◆ Your goal
Exactly the lines below, starting with the one containing "DIBYS WHERE THE" and going on through the one containing "Heart Polka Stripes", must be reproduced, both ends included, and no pictures with them.

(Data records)

........

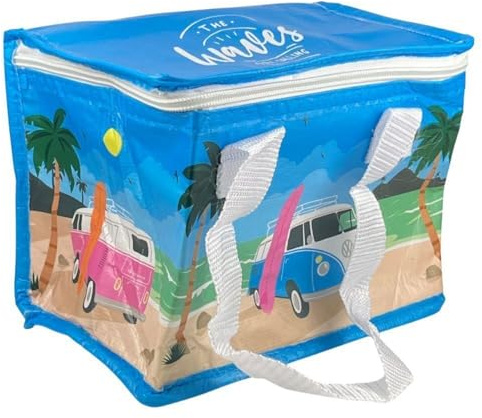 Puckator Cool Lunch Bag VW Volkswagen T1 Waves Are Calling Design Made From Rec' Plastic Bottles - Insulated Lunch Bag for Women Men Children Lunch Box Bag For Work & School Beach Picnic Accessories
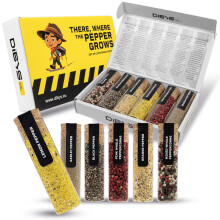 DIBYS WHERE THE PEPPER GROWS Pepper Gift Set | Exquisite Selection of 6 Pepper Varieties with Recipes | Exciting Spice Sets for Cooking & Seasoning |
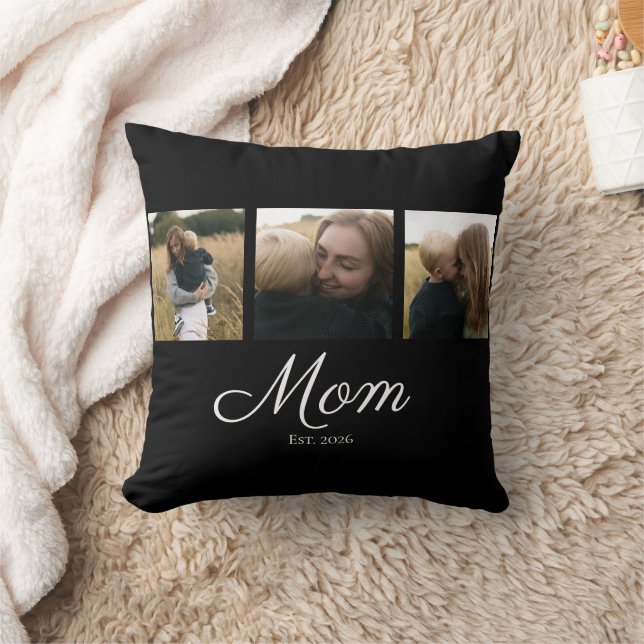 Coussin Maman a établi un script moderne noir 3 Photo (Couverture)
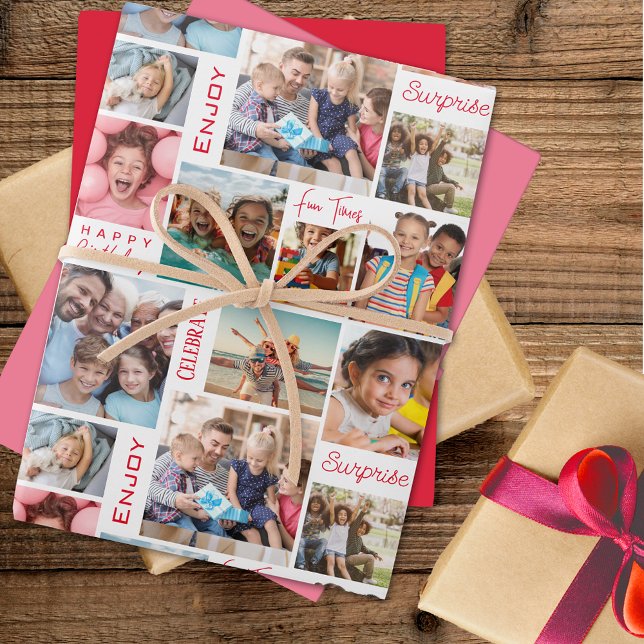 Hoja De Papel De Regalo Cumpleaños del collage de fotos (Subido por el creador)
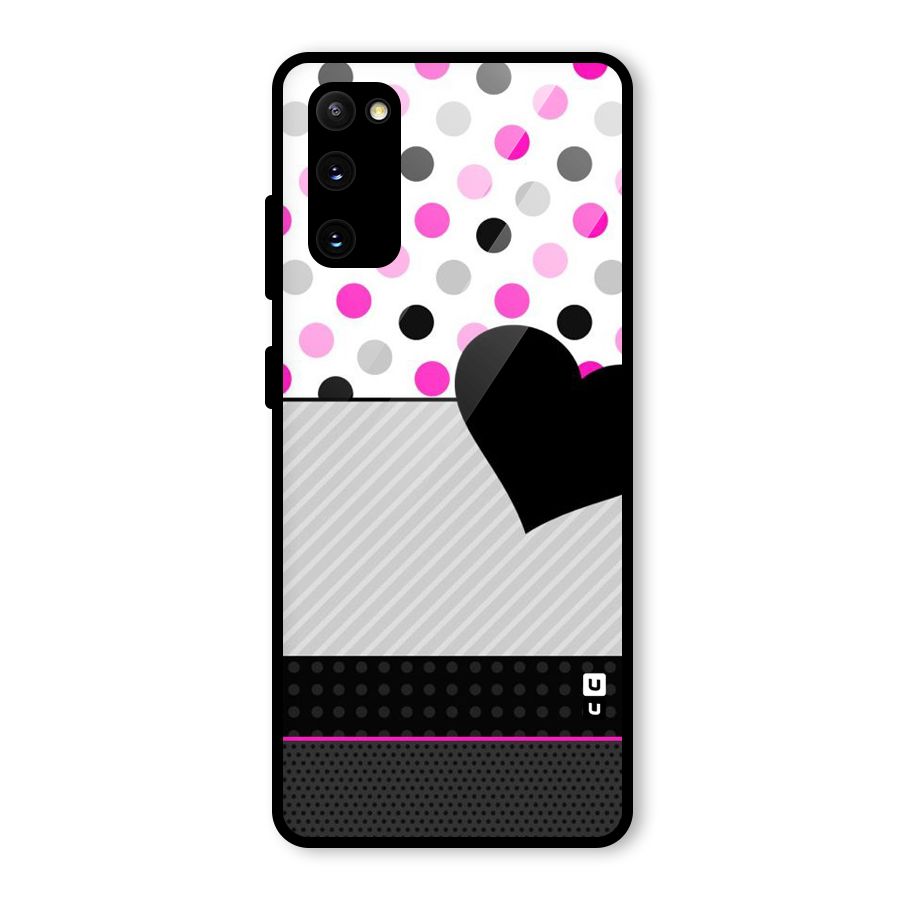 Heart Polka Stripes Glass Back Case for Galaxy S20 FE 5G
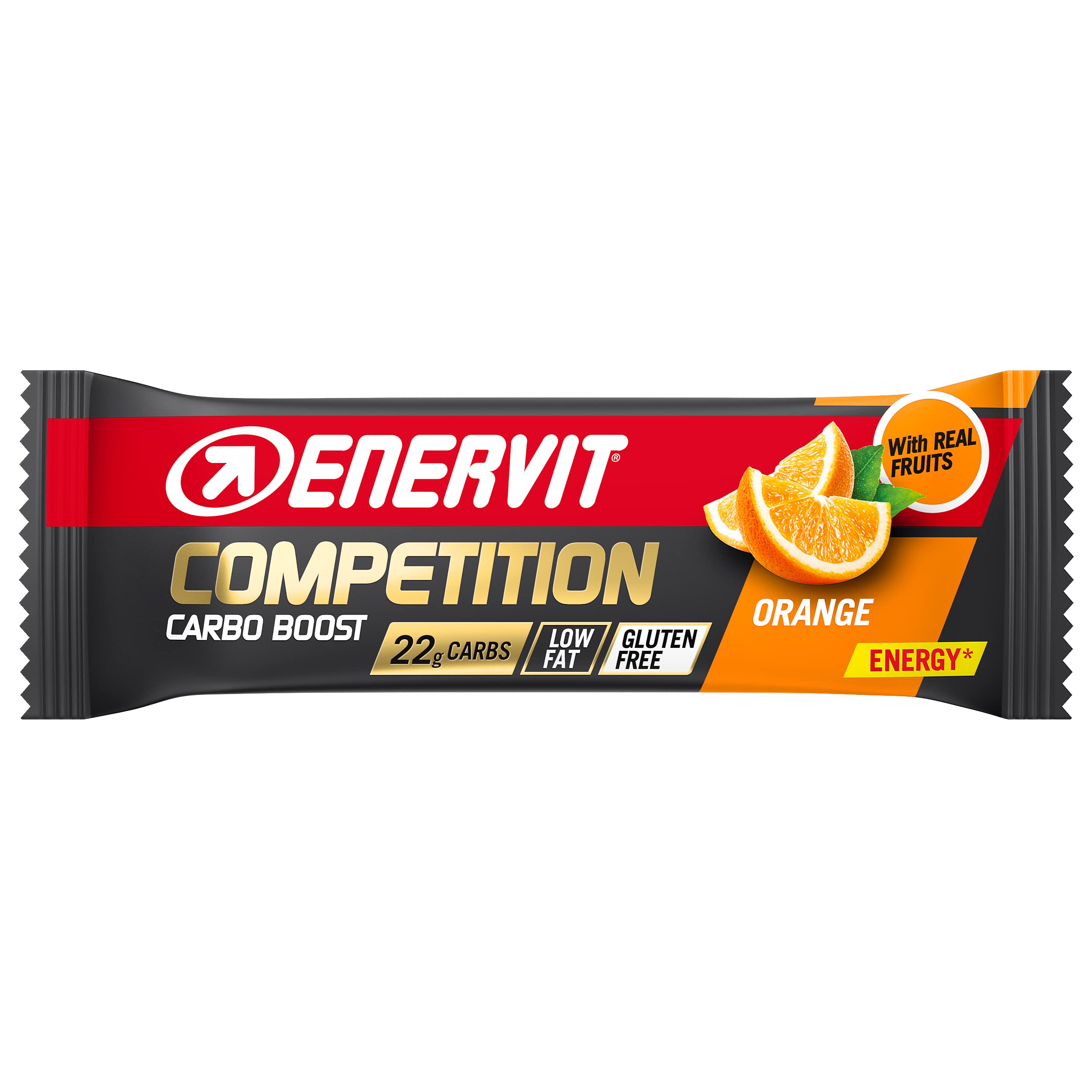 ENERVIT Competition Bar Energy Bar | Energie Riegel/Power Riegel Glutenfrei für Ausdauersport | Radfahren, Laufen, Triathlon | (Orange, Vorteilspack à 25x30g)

........

◆ Answer section
 DIBYS WHERE THE PEPPER GROWS Pepper Gift Set | Exquisite Selection of 6 Pepper Varieties with Recipes | Exciting Spice Sets for Cooking & Seasoning |
 Coussin Maman a établi un script moderne noir 3 Photo (Couverture)
 Hoja De Papel De Regalo Cumpleaños del collage de fotos (Subido por el creador)
 Heart Polka Stripes Glass Back Case for Galaxy S20 FE 5G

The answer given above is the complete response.